The decline in non-interest government spending since the mid-2000s is not a sign of austerity, a Treasury official has said.
A team from Treasury on Friday responded to issues raised in public hearings on the Budget, before Parliament's standing committee on finance.
Earlier this week the Budget Justice Coalition put forward that Treasury had introduced austerity measures in fiscal policy over the past five years. This was reflected in the fact that non-interest expenditure had not increased in line with revenue growth.

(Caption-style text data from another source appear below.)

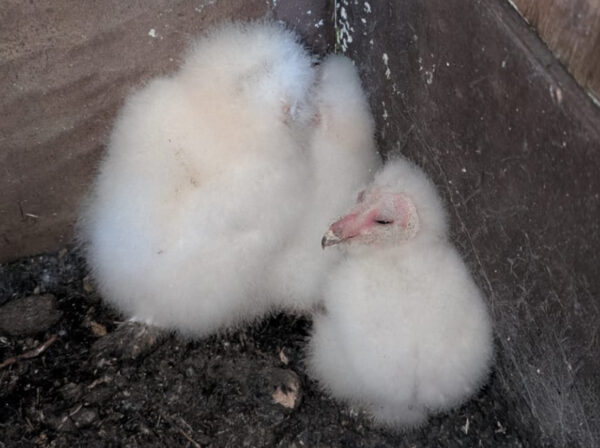 Three barn owl chicks born at One Horton Heath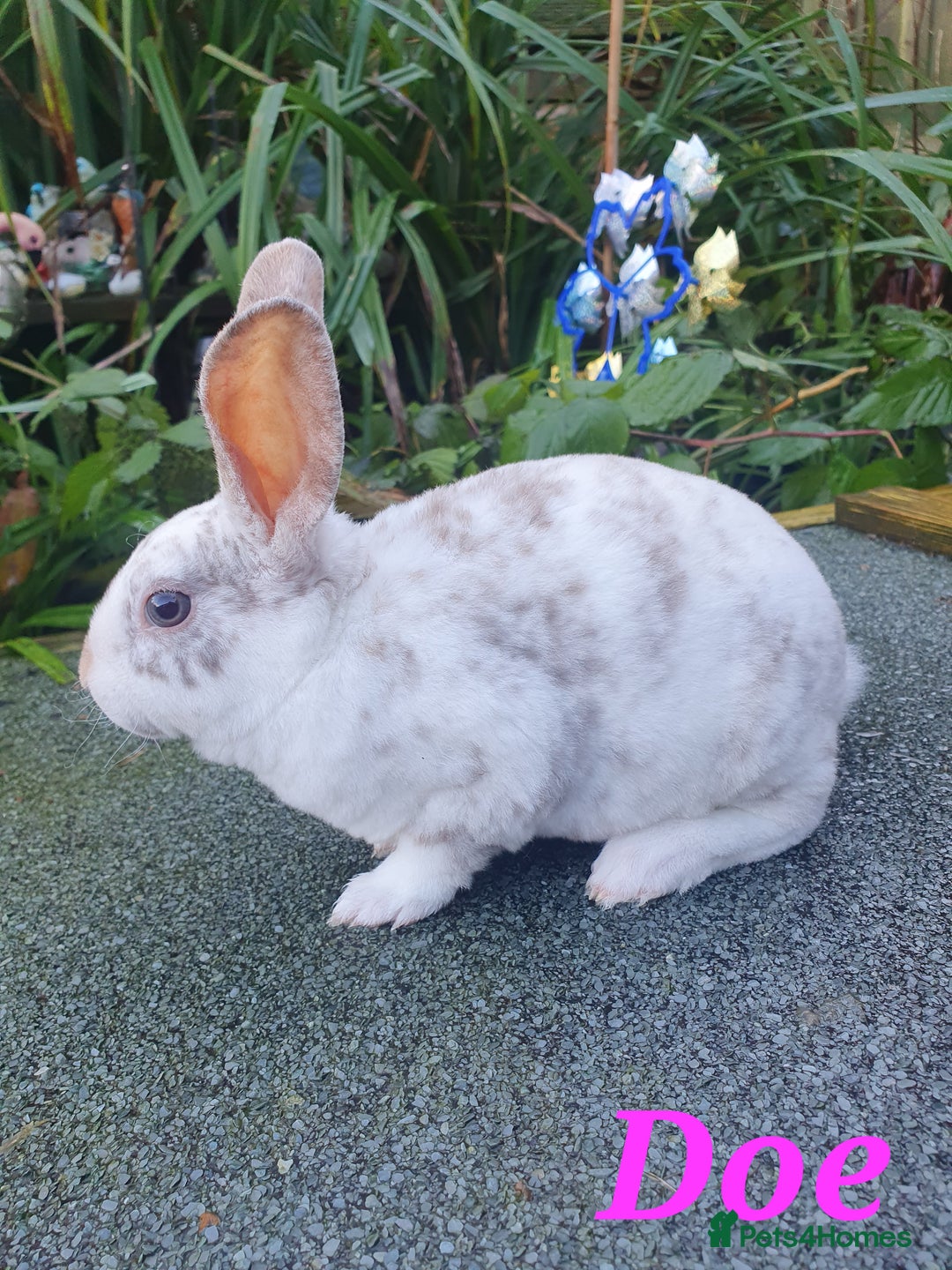 Rex rabbits for sale: Gorgeous mini rex babies  - Advert 3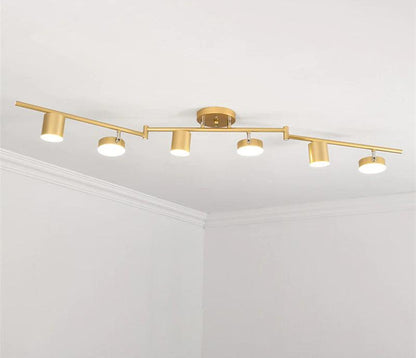 Track Light Ceiling Light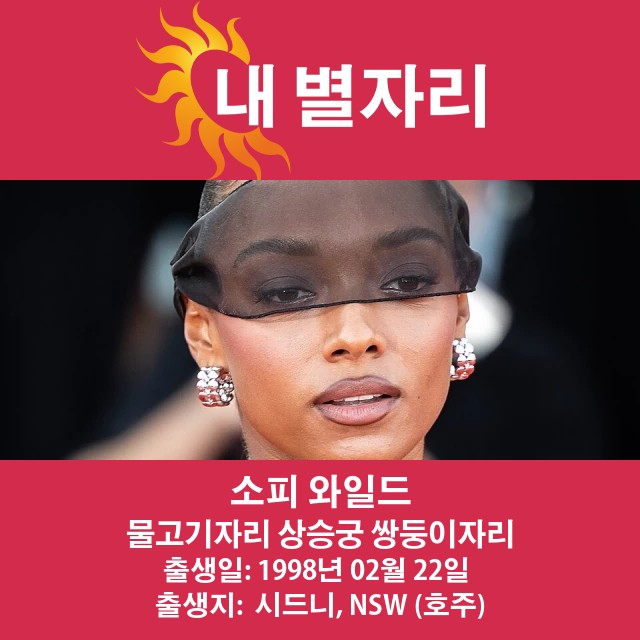 소피 와일드의 물고기자리 점성술 통찰력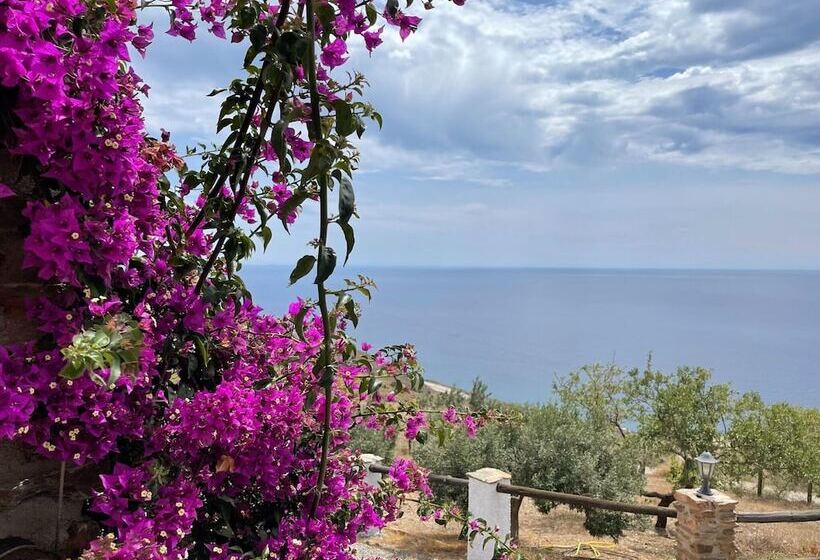 Belvilla By Oyo La Suerte Crisantemo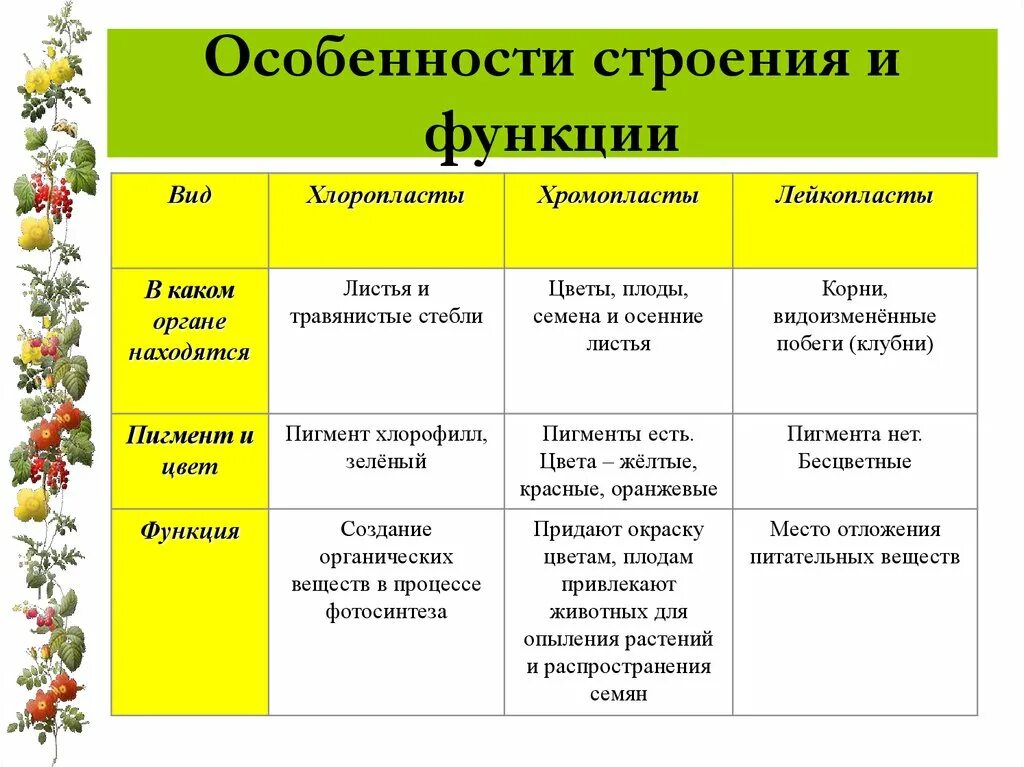 3 признака хлоропластов. Хромопласты строение и функции. Пластиды особенности строения и функции. Пластиды лейкопласты строение и функции таблица. Пластиды строение и функции.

In response, Treasury's acting deputy director general for the budget office, Ian Stuart, unpacked the structure of government spend over the medium term. He said the expenditure ceiling had been introduced in 2012 and expenditure growth had declined substantially, compared to patterns observed in the mid-2000s.
"It’s not austerity," Stuart said.
He went on to explain that although the fastest-growing area of spending is debt servicing costs (at 10.7%), spend on community development, learning culture, social development and health were still above inflation.
The structure of the budget for the next three years shows that learning and culture is allocated the most at R1.2trn. Social development, which consists mostly of social grant payments, amounts to R900bn, and allocations for health amount to R720bn.
Stuart said that trade-offs had to be made to account for the financial support to Eskom, meaning government had to raise the expenditure ceiling and increase taxes. To avoid slippage in the deficit, Treasury elected to raise taxes, at a smaller amount than previous years, he added.
Treasury had to make decisions in an environment where GDP growth is slowing, the tax-to-GDP ratio has come down, and anticipating pressure coming from state-owned companies especially Eskom which "dwarfs" others.
"The budget reflects how we balanced all the decisions," he told the committee.